Sometimes, the real story can be found only by reading between the lines.

Case in point: the clue that can be found in the case of Hall v. Loving, decided by the Superior Court of Mitchell County, North Carolina, most likely in the winter term of 1888 or spring term of 1889.

LovingThe case began in the spring term 1888 when F.A. Hall brought the suit against Jefferson Loving — whose name was spelled about four different ways in only 22 pages of court files. The papers were filed in connection with the estate of Josiah Wiseman, and it all had to do with the ownership and use of some land.1

Hall began by saying that Loving was in unlawful possession of about 100 acres of land on the northwest side of what was called Humpback Mountain, and had cut valuable timber worth $50 on the land. He asked the court for a writ of possession, for damages and for profits from the lumber.2

Nothing in the court papers spells out Hall’s exact right to the land, and the court ordered him to join all of the heirs of Josiah Wiseman as party plaintiffs in the case.3

One of the documents in the file is a summons issued on 5 March 1888 commanding the defendant, Jefferson Loving, to appear in the Superior Court at Bakersville on the third Monday in April 1888 to answer the complaint. The summons was served by Deputy Sheriff J. W. Buchanan on 7 March 1888, and, in his return (his proof that he’d served the paper4), the deputy said he had served it “by reading the within to Jefferson Lovin.”5

On 18 April 1888, Loving filed an answer to the complaint. He said the allegations of the complaint were not true, and that neither the plaintiff nor those he claimed through had been in possession of any part of the land for more than 33 years. He asked that the case be dismissed and that he be given reasonable costs as taxed by the clerk. And on that document, the signature section read:

Jefferson Loving being duly sworn says that he has heard read the within complaint and that the contents thereof are true of his own knowledge except as to matters stated on information and belief and those he believes to be true.6

Then in the fall term of 1888, the court ordered a survey of the property be taken. A copy of that order also had to be served on the defendant, and this time it was served by George K. Pritchard, Sheriff of Mitchell County. In his return, Pritchard stated that the order was “executed by reading and delivering a copy of the within, this Dec. 3d 1888.”7

In the end, the plaintiff won the case. In fact, the defendant admitted that judgment should be entered against him. So a writ of possession was issued to the sheriff to put Hall and the Wiseman heirs in possession and the defendant was ordered to pay all costs.8

So what do we learn from these documents? What’s the real story here, hiding between the lines in the court file?

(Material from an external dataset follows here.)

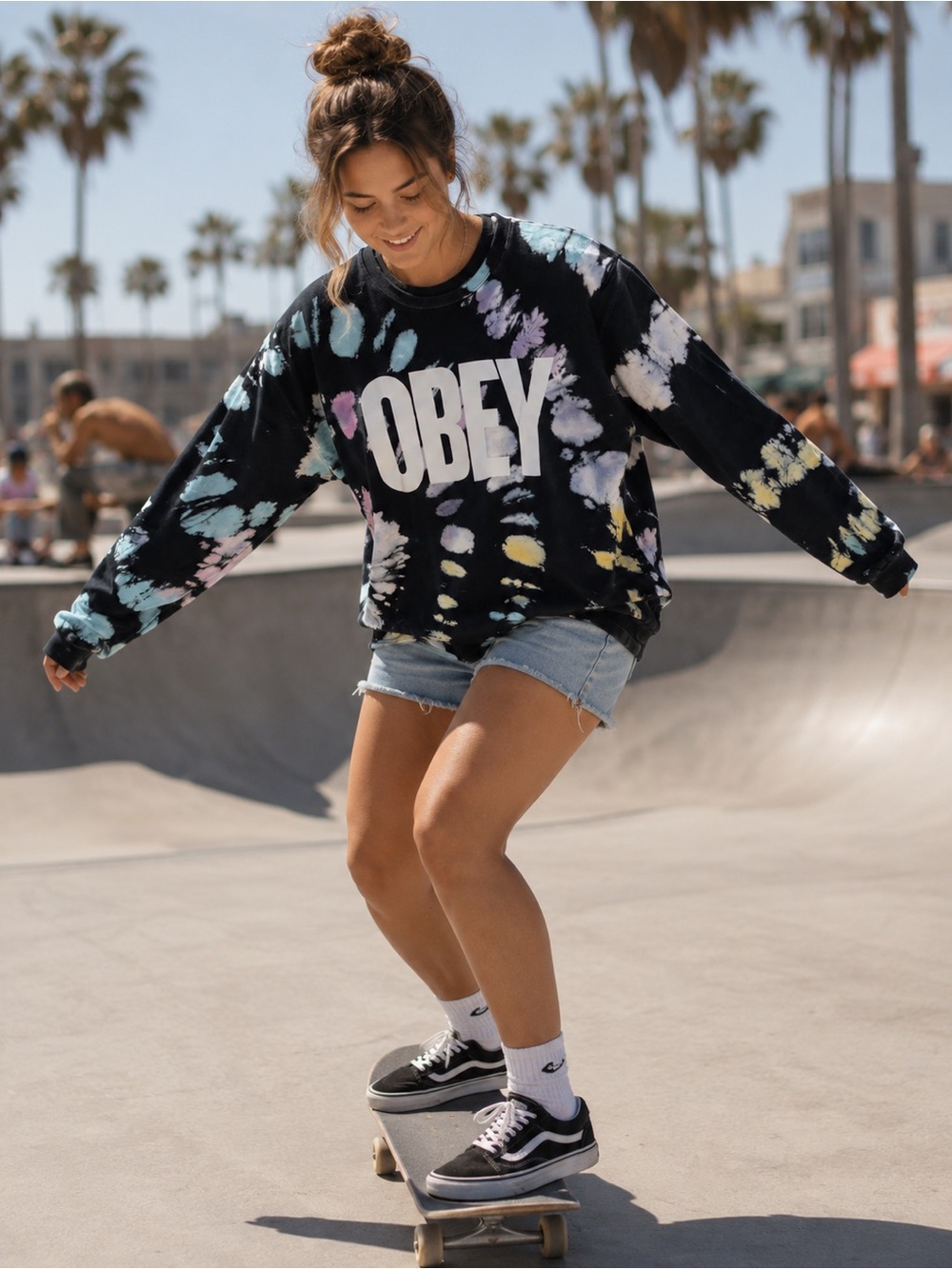 OBEY Black Tie-Dye Sweatshirt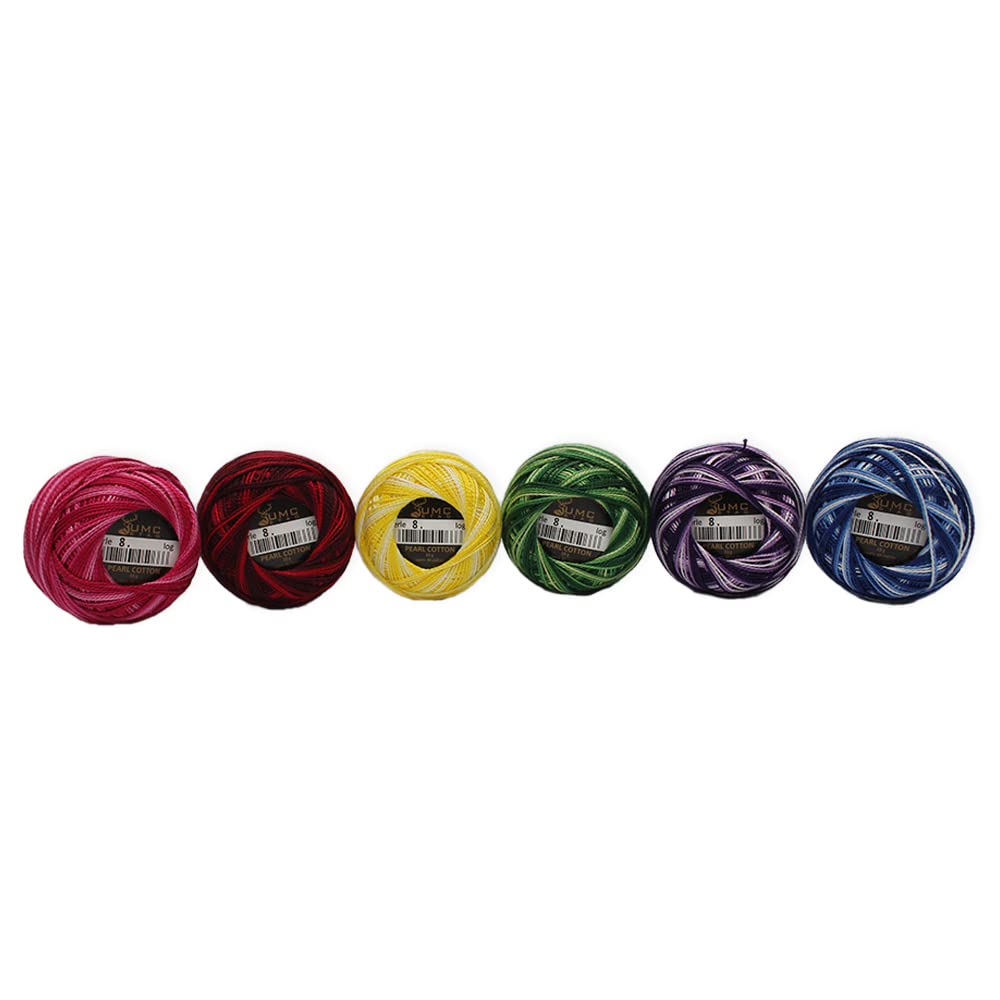 UMC STAG 6 Balls Variegated Colours Premium Pearl Cotton Embroidery Thread Size 8 | 100% Egyptian Cotton Crochet Yarn | Cross Stitch Embroidery Yarn | Oeko TEX Certified | 10g Per Ball (Variegated) UMC STAG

It isn’t the relationship to F.A. Hall to the heirs of Josiah Wiseman. The file says nothing about that, and you’d have to go look at Hall’s wife’s death record — naming her father as Tom Wiseman,9 one of the heirs — to nail that down.

And we don’t find any clues as to the land that was at issue in the case — what Josiah Wiseman’s relationship to the land had ever been, what happened to it after the Wiseman family won the case, or even why Loving thought he was entitled to claim it and cut timber on it in the first place.

No, the story here isn’t about the land at all.

It’s about Jefferson Loving — and a fact about Jefferson Loving that isn’t clear anywhere else.

It’s the fact that, taken together, the documents in that court file tell us quite clearly that Jefferson Loving couldn’t read. All of the key documents in that case had to be read to him in order for him to be able to defend himself.

That’s not a fact he disclosed to the census taker in 1870, even though the census taker recorded a whole houseful of Lovings who couldn’t read or write just next door to Jefferson and his family.10

And it’s not a fact he disclosed in 1880, even though the question had to have been asked then as well.11

Surely there are other documents out there somewhere about Jefferson Loving. But nothing will equal this court file as evidence that he really couldn’t read.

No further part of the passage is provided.